» **Provided information**:
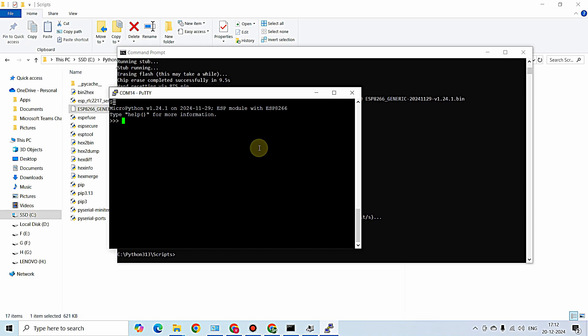The MicroPython image is successfully written onto the NodeMCU. That's it for today's video. You learned how to download and install the latest Python on Windows, how to install esptool via Command Prompt, how to flash the MicroPython image onto ESP8266 or NodeMCU, and how to verify it using PuTTY. See you in the next video - thanks for watching!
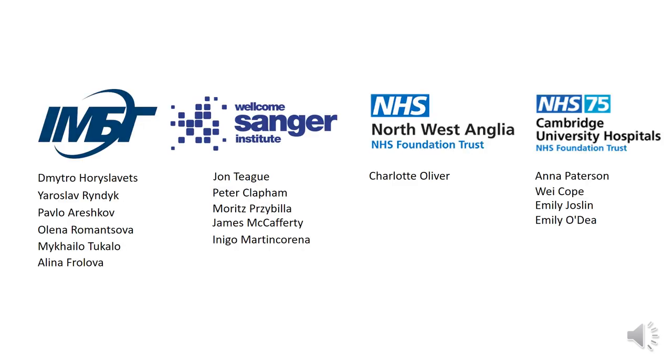I'd like to thank the collaborators from organizations involved in the project. Thank you for your attention.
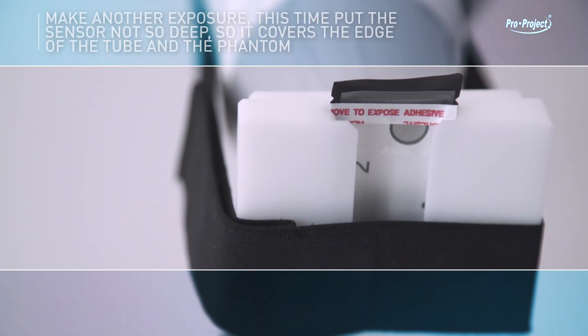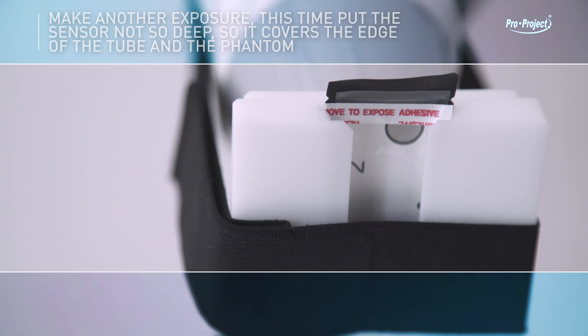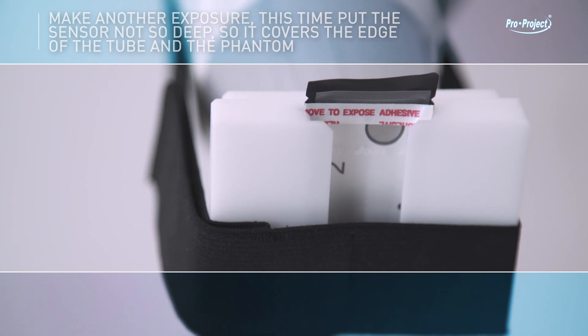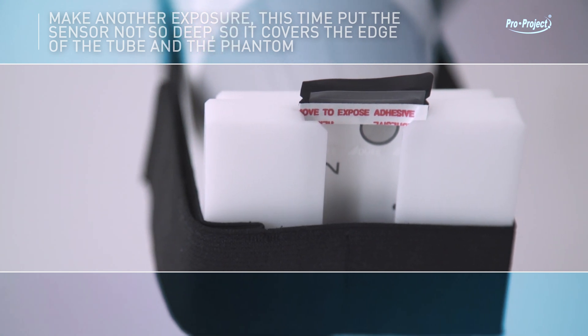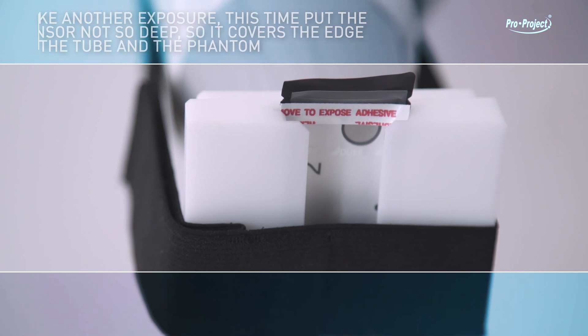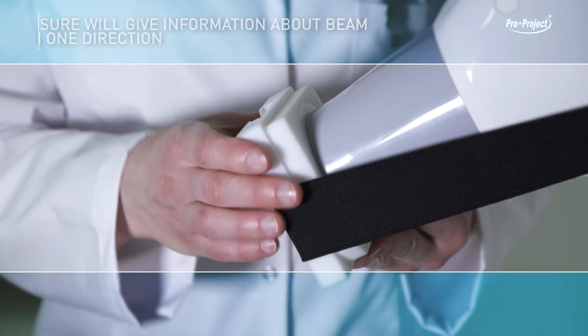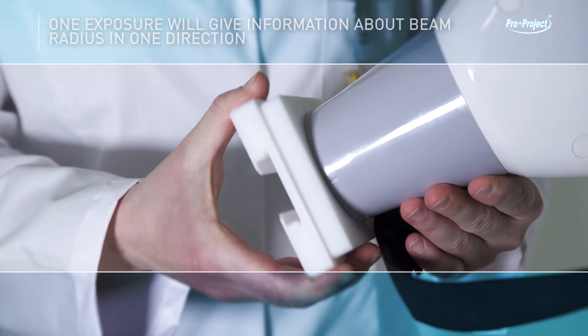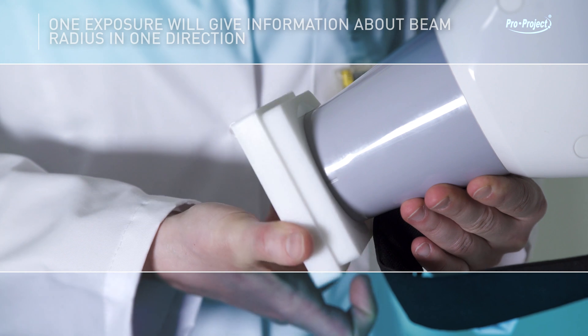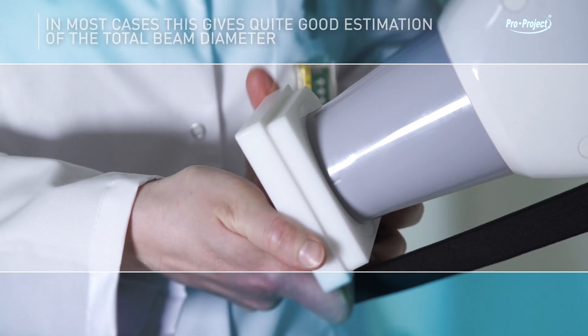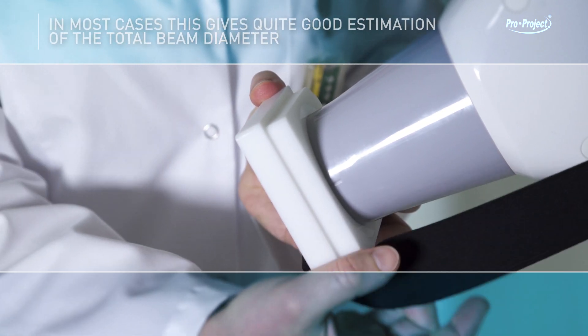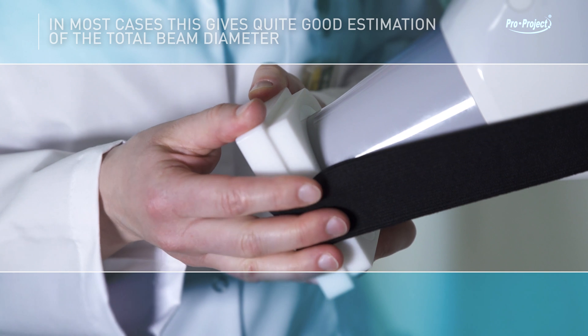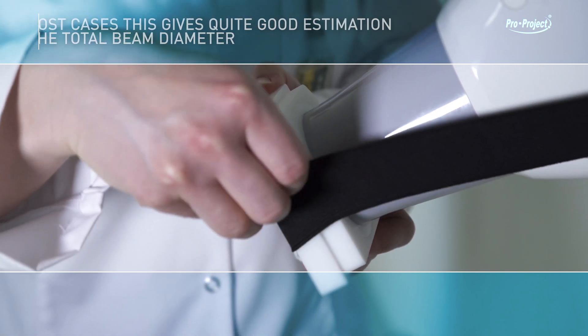Make another exposure. This time, put the sensor not so deep so it covers the edge of the tube and the phantom. One exposure will give information about beam radius in one direction. In most cases, this gives quite a good estimation of the total beam diameter.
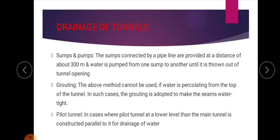The last drainage method is a pilot tunnel. In some cases, a pilot tunnel is provided at a lower level than the main tunnel. It is constructed parallel to the main tunnel for drainage of water. These are the different methods of drainage: sumps and pumps, grouting, and pilot tunnel construction.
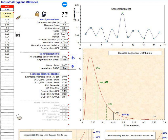Permissible exposure limit, set by the US Occupational Safety and Health Administration. Recommended exposure limit, set by the US National Institute for Occupational Safety and Health.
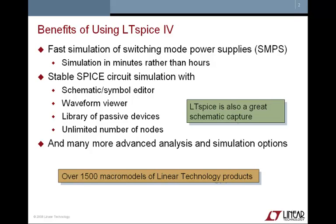It has a very extensive schematic symbol editor, easy to use waveform viewer for analyzing your data, provides an extensive library of passive devices, and we also have over 1500 macro models for Linear Technology products. And it's not limited in any way like many other free to download Spice simulators.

» **Brief**: Beginning with the first entry above, reproduce every line verbatim until the line with "Permissible exposure limit, set", which is included too; omit pictures.

» **Answer space**:
The MicroPython image is successfully written onto the NodeMCU. That's it for today's video. You learned how to download and install the latest Python on Windows, how to install esptool via Command Prompt, how to flash the MicroPython image onto ESP8266 or NodeMCU, and how to verify it using PuTTY. See you in the next video - thanks for watching!
I'd like to thank the collaborators from organizations involved in the project. Thank you for your attention.
Make another exposure. This time, put the sensor not so deep so it covers the edge of the tube and the phantom. One exposure will give information about beam radius in one direction. In most cases, this gives quite a good estimation of the total beam diameter.
The last drainage method is a pilot tunnel. In some cases, a pilot tunnel is provided at a lower level than the main tunnel. It is constructed parallel to the main tunnel for drainage of water. These are the different methods of drainage: sumps and pumps, grouting, and pilot tunnel construction.
Permissible exposure limit, set by the US Occupational Safety and Health Administration. Recommended exposure limit, set by the US National Institute for Occupational Safety and Health.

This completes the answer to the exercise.